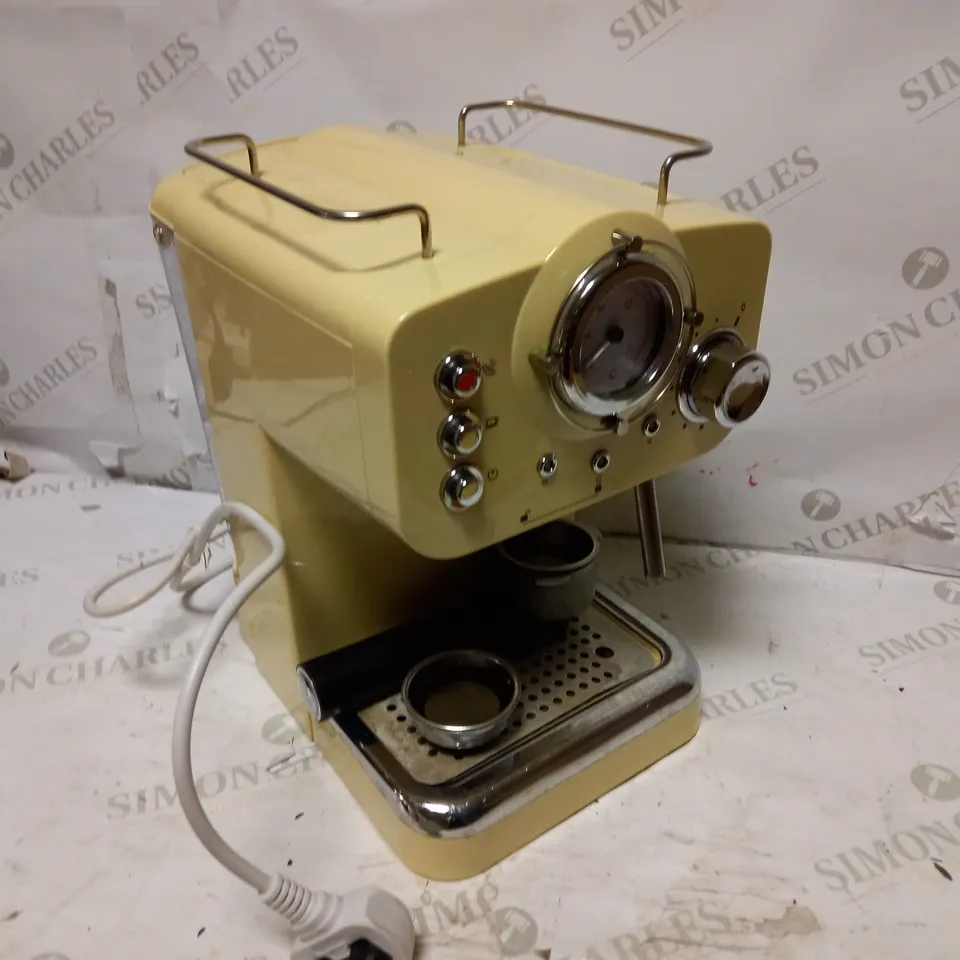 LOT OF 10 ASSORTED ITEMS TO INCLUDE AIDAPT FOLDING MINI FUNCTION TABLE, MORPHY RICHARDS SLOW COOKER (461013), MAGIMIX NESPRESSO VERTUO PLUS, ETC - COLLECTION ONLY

========================

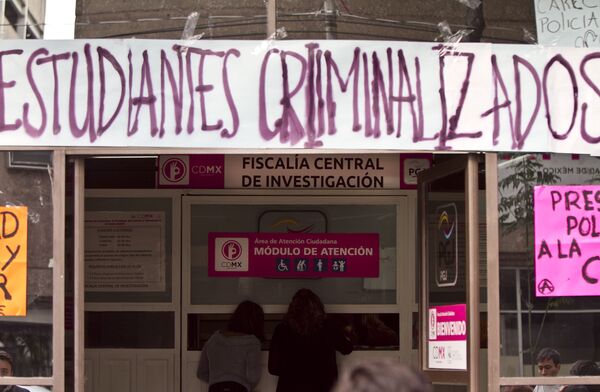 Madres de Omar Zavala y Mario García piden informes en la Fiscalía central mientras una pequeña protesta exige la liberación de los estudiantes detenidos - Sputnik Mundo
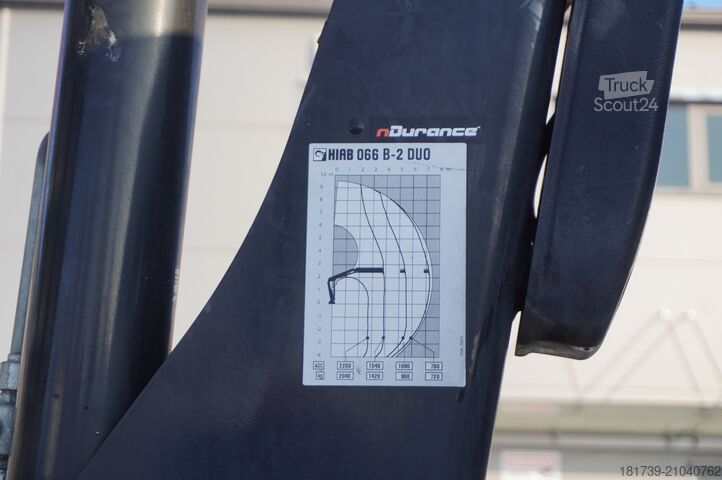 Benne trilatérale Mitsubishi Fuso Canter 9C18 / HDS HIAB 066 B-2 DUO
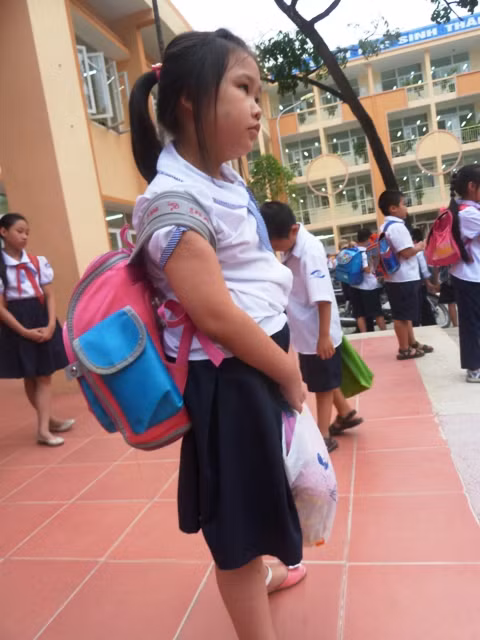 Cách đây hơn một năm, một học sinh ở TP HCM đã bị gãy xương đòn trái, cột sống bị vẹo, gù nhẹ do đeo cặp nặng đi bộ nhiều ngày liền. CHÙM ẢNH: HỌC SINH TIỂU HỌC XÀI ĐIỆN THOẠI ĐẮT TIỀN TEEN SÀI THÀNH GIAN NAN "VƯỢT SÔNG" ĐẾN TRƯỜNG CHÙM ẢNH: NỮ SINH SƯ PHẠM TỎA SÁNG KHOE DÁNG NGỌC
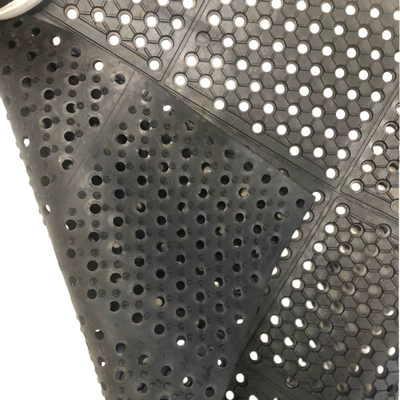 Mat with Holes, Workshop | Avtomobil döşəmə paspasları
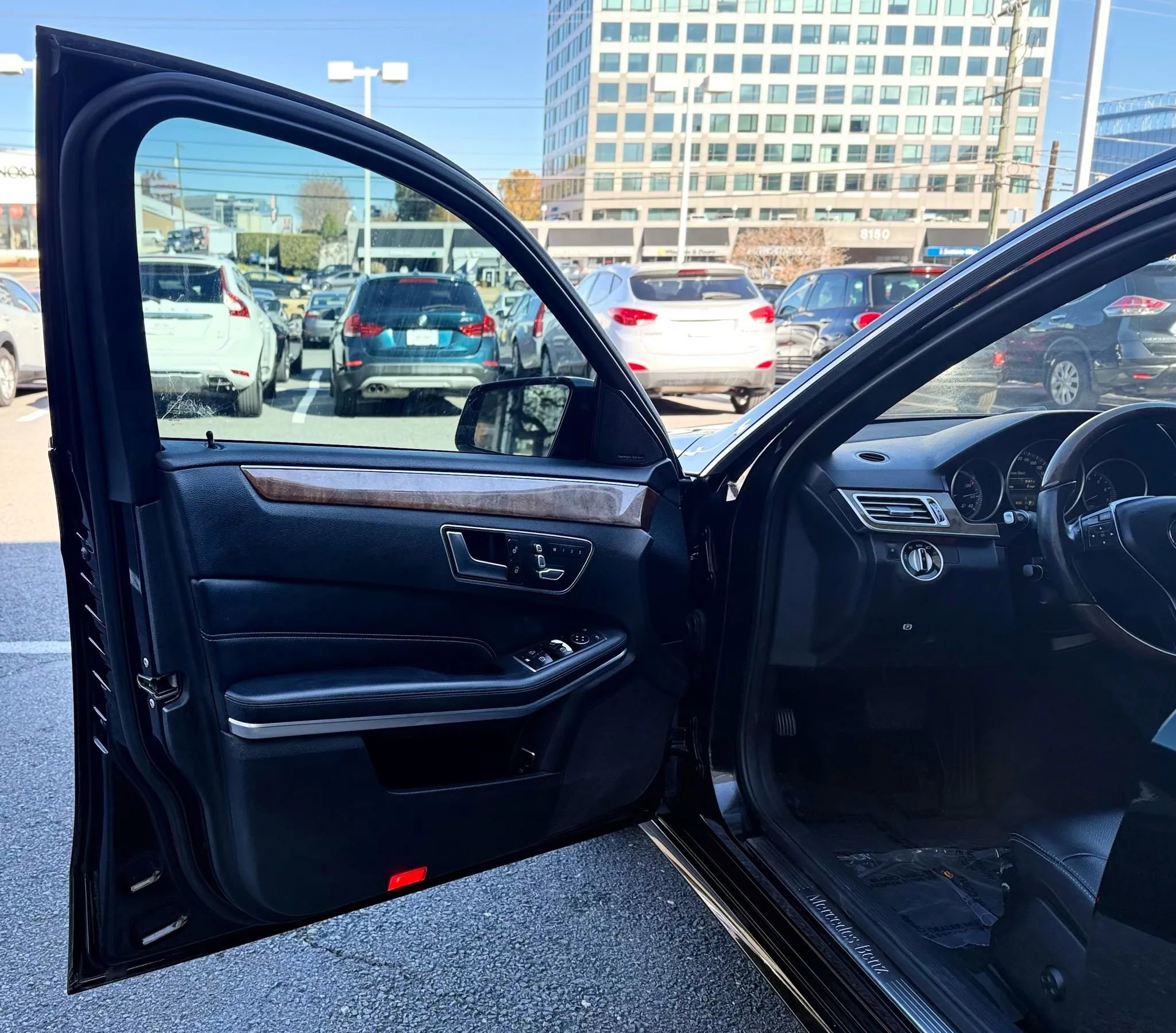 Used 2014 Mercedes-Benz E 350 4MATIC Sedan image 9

========================

_Problem statement_. In the listing above, find the line containing "Benne trilatérale Mitsubishi" and the line containing "Used 2014 Mercedes-Benz", then write out both of them and every line between, exactly, with no pictures.

_Solution to this problem_.
 Benne trilatérale Mitsubishi Fuso Canter 9C18 / HDS HIAB 066 B-2 DUO
 Cách đây hơn một năm, một học sinh ở TP HCM đã bị gãy xương đòn trái, cột sống bị vẹo, gù nhẹ do đeo cặp nặng đi bộ nhiều ngày liền. CHÙM ẢNH: HỌC SINH TIỂU HỌC XÀI ĐIỆN THOẠI ĐẮT TIỀN TEEN SÀI THÀNH GIAN NAN "VƯỢT SÔNG" ĐẾN TRƯỜNG CHÙM ẢNH: NỮ SINH SƯ PHẠM TỎA SÁNG KHOE DÁNG NGỌC
 Mat with Holes, Workshop | Avtomobil döşəmə paspasları
 Used 2014 Mercedes-Benz E 350 4MATIC Sedan image 9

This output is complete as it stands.